Пропажу я обнаружил лишь на подходе к дому. В брюках не было коробка. Я судорожно рылся в карманах, исподлобья присматриваясь к Щелчкову. Дружба – дружбой, а кто его знает – может, стыбзил, пока мы Шкипидарову помогали. Я был мрачен и перестал доверять людям.
– Ты чего? – спросил наконец Щелчков, не выдержав моего упорного взгляда. – Ключ потерял?
– Так, ничего. – Я попытался придать себе равнодушный вид. – Слушай, Щелчков, там, под деревом, ты ничего такого не находил?
– Такого это какого? – тупо спросил Щелчков, явно не понимая вопроса.
– Ну, маленького такого, квадратного, вот такого. – Я жестами изобразил коробок. – С интересной такой картинкой.
– Маленького?

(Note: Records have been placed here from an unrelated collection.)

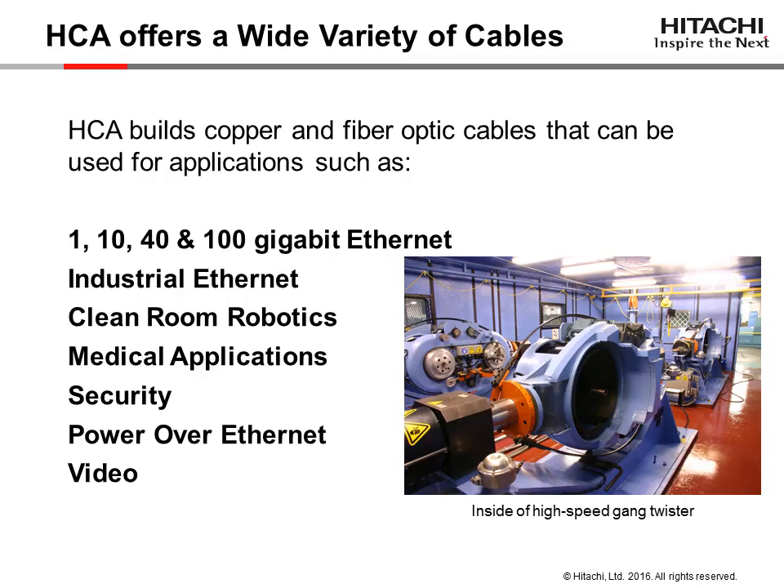HCA builds copper and fiber optic cables for a wide variety of applications, including gigabit Ethernet, industrial Ethernet, robotics, medical applications including catheter cables used internal to the body, security, power over Ethernet, and video.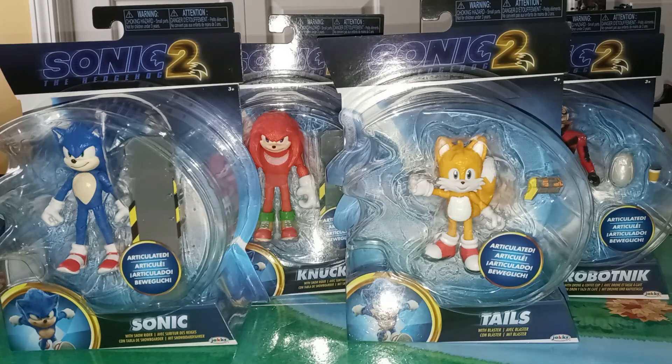Hello fellow YouTubers, LiveAWCStopMotioner here. Welcome to viewers new and old, and today I'm reviewing some Sonic Movie 2 figures.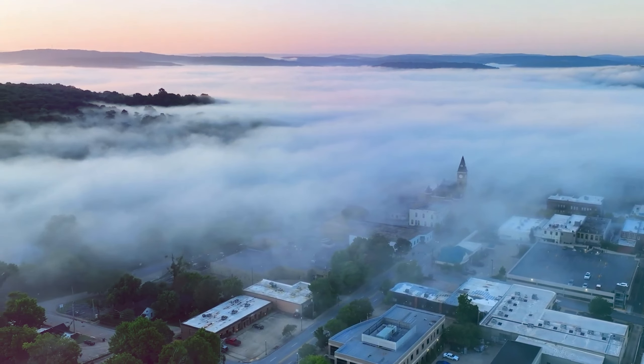And there you have it. Northwest Arkansas is a treasure trove of attractions and popular sites just waiting to be discovered. Whether you're a nature lover, history buff, or art enthusiast, this region offers something for everyone. So pack your bags and embark on your own adventure in Northwest Arkansas.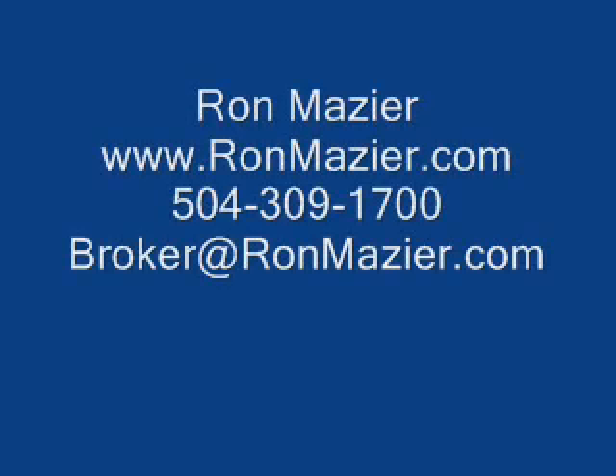That was a wonderful opportunity in Broadmoor, a neighborhood that has mostly come back. If you want comparables to show the after-renovation value, just contact me. My name is Ron Mazier. You can call me at 504-309-1700 or email me at broker@ronmazier.com, or check my website, ronmazier.com. Thank you very much.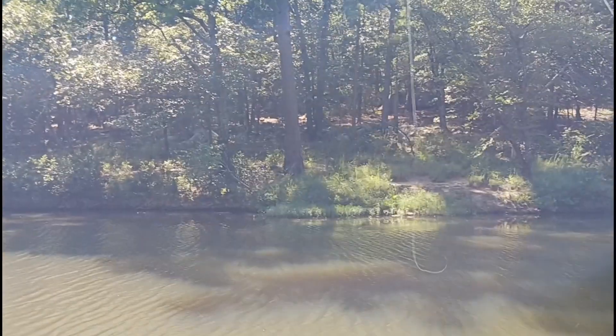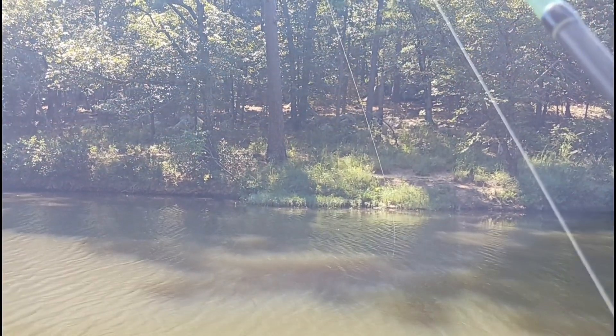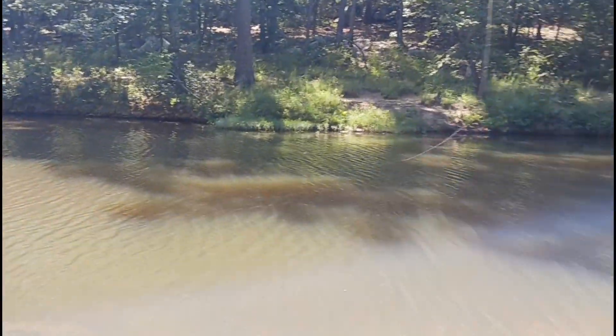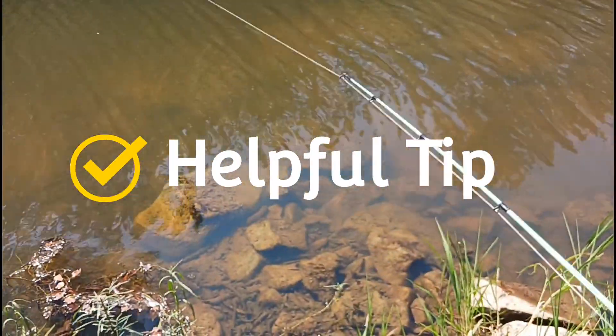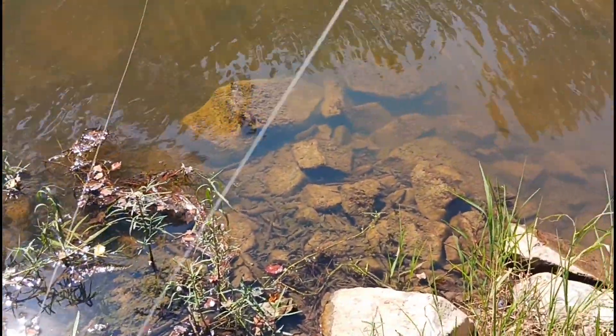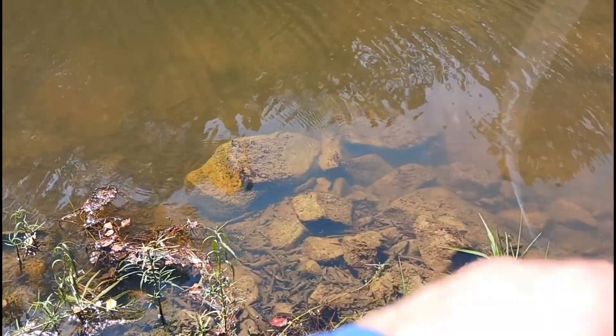I threw over there — hope the tree's not in the way — and I think I hooked the tree, which I didn't want to do. I'm using braided line but I have about a five-foot fluorocarbon leader, so I'm not flooding the creek with braided line. I'm going to pull this off — my braid will still be on there, so I'm not leaving all this crap in the water. Actually my fluorocarbon line is still on, it just took the hook off.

Квадратного? Нет, не помню. Не было там ничего квадратного, кроме рыла. А почему ты спрашиваешь?
– Ты иди, я – сейчас, – сказал я тогда Щелчкову и стремительно припустил на набережную.
– Погоди, ты что, ты куда? Твоей маме-то что сказать?
Но я Щелчкова уже не слышал, я уже пробегал Климов, держа курс под тополь на набережной. Во мне еще оставалась надежда, что коробок где-нибудь там, вывалился из кармана случайно, когда мы разбирались со Шкипидаровым.
Я сидел, угрюмый, возле окна и думал о событиях дня. Ничему-то я был не рад – ни маминому воскресному пирогу, который был не с капустой, а с творогом, ни общественному коту Василию, который, по случаю воскресенья, скрывался в нашей комнате от соседки. Ни даже своей коллекции этикеток, которая вдруг поблекла и поскучнела без пропавшего коробка с ракетой. Почему-то я нисколько не думал, как он у меня появился. Мои мысли были про то, как коробок исчез. Я подозревал всех по очереди – Щелчкова, Шкипидарова, рыболова. Особенно рыболова с его слепящей, будто прожектор, лысиной.
Родители ушли в гости. На кухне хозяйничала Сопелкина. Это значило, что никому из соседей на кухню прохода не было. Там властвовал едкий чад, стреляли со сковородки шкварки, а опасные чугунные утюги высматривали себе подходящую жертву. С Сопелкиной предпочитали не связываться, во всех коммунальных ссорах она правила колесницей победы, а поверженные в прах противники с ужасом уносили ноги от ее ядовитых стрел.
В комнату заглянул Щелчков, увидел меня насупленного и задумался – входить или не входить. Я кивнул, он вошел, робея. Щелчкову я уже все рассказал. Но, кажется, он мне не очень поверил. Ухмылка, во всяком случае, с которой он меня выслушал, говорила скорее против, нежели за.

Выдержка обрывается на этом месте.